We load up the INTEGER array "IntVars" with some
nonsense data to work with, the data being the series of
numbers from 65 to 74, which should be easy for you to
ascertain. Then in line 23, we copy one of the array data
points to one of the other to illustrate that the type
transformation works even on array elements.
NOW FOR THE BIG TYPE TRANSFORMATION
In line 24 of the program we copy the entire field of
10 INTEGER type variables into the array of 10 CARDINAL type
variables. The only restriction is that both of the fields
must be exactly the same size which these two are. In order
to do the transformation, the TYPE of the resulting data
area is used in front of the parentheses of the source
variables. Line 25 goes a step farther and copies the new
CARDINAL data into 20 CHAR type variables, which is
permissible because 20 CHAR variables uses the same amount
of storage as 10 CARDINAL variables.

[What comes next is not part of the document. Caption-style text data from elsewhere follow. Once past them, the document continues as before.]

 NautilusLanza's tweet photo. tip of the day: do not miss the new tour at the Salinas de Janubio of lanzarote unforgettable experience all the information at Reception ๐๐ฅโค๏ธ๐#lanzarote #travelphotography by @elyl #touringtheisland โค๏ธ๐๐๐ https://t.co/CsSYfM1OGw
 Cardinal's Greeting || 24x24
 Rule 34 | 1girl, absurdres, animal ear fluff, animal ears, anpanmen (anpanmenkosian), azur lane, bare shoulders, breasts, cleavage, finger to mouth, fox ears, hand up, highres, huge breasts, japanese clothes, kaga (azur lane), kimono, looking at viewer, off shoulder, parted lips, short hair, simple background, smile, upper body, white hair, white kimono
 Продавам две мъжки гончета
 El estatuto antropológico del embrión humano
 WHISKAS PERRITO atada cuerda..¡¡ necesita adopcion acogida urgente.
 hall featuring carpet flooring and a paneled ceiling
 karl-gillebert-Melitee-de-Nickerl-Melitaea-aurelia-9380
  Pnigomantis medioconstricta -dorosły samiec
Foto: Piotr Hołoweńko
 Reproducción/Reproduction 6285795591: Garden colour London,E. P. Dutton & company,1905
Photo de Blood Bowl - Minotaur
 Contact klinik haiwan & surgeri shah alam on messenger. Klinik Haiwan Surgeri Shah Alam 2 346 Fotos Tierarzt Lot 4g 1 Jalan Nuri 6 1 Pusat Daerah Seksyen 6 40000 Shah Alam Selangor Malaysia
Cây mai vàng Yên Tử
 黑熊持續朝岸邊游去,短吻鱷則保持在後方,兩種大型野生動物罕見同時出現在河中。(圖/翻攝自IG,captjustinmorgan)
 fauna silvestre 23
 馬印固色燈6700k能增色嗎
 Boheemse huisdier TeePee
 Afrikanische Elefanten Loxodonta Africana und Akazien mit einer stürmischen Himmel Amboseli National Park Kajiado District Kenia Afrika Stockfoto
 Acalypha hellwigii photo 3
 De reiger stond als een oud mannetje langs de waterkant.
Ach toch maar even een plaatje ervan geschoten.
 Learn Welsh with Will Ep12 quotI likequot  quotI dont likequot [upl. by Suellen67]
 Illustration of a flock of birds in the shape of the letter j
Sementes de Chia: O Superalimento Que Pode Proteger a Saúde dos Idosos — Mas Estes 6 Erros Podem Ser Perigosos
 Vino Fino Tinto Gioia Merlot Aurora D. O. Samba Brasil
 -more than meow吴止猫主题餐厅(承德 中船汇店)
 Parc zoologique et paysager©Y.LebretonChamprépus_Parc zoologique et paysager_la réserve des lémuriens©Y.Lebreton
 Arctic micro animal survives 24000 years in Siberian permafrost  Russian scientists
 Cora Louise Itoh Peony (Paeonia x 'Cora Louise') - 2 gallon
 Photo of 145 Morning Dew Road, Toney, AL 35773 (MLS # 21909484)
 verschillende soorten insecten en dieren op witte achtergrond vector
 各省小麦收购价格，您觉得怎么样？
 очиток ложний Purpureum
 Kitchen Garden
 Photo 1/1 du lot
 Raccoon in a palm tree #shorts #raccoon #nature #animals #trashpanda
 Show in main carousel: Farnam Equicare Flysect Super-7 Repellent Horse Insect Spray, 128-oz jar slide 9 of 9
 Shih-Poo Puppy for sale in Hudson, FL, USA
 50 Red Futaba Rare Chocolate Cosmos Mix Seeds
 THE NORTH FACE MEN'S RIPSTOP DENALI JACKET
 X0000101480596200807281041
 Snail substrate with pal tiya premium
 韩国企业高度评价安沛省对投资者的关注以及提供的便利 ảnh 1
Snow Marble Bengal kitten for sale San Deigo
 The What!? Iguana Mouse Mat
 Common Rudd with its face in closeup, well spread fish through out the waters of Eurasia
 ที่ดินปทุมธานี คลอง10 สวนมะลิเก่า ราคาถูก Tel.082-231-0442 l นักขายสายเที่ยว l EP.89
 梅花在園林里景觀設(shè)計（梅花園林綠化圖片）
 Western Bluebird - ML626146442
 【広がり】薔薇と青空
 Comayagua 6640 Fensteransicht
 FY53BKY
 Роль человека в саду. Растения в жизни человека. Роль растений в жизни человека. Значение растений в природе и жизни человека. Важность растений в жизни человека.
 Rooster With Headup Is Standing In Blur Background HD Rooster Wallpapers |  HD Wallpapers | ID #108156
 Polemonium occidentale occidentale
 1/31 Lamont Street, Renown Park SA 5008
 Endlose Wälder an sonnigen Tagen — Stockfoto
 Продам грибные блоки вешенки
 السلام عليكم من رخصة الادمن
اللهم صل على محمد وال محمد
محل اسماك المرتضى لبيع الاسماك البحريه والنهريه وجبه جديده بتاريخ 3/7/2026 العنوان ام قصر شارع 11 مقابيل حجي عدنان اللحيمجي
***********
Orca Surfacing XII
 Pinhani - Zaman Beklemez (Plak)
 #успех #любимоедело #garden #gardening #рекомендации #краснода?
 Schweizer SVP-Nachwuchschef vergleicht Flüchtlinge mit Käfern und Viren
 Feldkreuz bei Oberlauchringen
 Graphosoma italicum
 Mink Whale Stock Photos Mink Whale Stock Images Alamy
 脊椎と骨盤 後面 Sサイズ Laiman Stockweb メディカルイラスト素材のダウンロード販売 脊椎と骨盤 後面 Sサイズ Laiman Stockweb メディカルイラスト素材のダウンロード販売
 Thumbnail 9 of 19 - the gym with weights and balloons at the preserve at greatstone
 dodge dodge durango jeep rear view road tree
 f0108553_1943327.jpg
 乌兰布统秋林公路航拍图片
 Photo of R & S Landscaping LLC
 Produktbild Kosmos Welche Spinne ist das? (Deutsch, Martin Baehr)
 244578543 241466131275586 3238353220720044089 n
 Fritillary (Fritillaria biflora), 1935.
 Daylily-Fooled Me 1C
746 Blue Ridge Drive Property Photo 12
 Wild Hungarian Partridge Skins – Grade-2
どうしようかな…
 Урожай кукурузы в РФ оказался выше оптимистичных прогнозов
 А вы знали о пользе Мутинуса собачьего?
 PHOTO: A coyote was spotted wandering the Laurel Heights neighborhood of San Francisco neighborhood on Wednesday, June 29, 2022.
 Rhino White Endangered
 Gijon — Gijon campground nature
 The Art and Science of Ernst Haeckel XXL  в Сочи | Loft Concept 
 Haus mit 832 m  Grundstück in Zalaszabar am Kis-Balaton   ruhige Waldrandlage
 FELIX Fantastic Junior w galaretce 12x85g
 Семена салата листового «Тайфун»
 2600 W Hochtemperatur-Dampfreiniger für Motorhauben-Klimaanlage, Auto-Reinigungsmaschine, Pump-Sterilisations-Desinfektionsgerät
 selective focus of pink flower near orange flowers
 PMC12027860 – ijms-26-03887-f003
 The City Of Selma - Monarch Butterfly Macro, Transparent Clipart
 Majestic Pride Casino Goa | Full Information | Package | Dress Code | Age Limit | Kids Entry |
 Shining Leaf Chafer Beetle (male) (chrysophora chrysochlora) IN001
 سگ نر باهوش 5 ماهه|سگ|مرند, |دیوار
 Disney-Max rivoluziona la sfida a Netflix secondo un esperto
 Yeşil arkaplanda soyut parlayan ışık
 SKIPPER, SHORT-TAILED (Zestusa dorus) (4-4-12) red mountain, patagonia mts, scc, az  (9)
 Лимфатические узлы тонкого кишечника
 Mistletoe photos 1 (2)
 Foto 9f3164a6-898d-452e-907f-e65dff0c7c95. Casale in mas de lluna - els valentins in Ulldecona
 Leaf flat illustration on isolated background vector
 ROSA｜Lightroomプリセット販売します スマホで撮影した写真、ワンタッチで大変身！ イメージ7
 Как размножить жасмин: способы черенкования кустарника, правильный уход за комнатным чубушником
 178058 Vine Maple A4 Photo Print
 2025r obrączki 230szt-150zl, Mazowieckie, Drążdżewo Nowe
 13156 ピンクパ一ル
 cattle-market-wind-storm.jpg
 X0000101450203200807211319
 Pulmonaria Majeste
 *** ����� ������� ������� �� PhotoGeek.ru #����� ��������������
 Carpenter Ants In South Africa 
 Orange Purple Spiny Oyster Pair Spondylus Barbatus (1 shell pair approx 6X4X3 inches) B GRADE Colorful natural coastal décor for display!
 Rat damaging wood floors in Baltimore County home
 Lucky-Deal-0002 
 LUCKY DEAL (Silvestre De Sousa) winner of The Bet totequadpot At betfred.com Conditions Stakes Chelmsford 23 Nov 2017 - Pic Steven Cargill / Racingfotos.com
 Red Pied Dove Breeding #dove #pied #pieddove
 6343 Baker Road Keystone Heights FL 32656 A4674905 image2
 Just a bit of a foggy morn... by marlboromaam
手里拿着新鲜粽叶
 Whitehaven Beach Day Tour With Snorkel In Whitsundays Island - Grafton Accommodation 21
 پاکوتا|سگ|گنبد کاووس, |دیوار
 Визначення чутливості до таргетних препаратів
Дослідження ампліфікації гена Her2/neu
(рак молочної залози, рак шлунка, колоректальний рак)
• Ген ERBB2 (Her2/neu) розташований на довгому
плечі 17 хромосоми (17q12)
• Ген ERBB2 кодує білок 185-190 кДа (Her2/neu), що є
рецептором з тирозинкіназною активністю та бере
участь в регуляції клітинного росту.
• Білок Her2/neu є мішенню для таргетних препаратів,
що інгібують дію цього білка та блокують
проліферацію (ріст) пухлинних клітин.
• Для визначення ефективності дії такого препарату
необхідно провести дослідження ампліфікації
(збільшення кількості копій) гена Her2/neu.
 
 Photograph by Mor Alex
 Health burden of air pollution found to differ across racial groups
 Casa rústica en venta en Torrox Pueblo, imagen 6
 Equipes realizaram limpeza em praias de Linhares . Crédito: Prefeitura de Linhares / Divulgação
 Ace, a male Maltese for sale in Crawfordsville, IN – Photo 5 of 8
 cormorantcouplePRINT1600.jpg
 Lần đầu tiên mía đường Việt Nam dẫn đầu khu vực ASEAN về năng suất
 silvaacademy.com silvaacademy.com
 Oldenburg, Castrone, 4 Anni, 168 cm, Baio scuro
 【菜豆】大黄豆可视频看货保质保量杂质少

You could even
transform a record made up of several different types into
all CHAR variables, or all INTEGERS, or even another
completely different record. The only requirement is that
both of the groups be exactly the same size.
This may appear to be a really neat thing to be able to
do but there are problems that you will find with this new
transformation. There are no data conversions done, only
type conversions, which means that you may wind up with a
real mess trying to decipher just what the transformed data
means. In addition, since each compiler may define the
various types of data slightly different, your program will
not be easily transportable to another computer, or maybe
not even to another compiler on the same computer.
Five of the CARDINAL numbers are displayed on the
monitor, then 10 of the CHAR numbers are displayed to show
you that they really are the same numbers. The order of the
numbers are reversed when output as individual bytes because
of the way the data is stored in the microprocessor in your
computer. This in itself is an indication that there is no
data conversion, but only a data copying, byte by byte.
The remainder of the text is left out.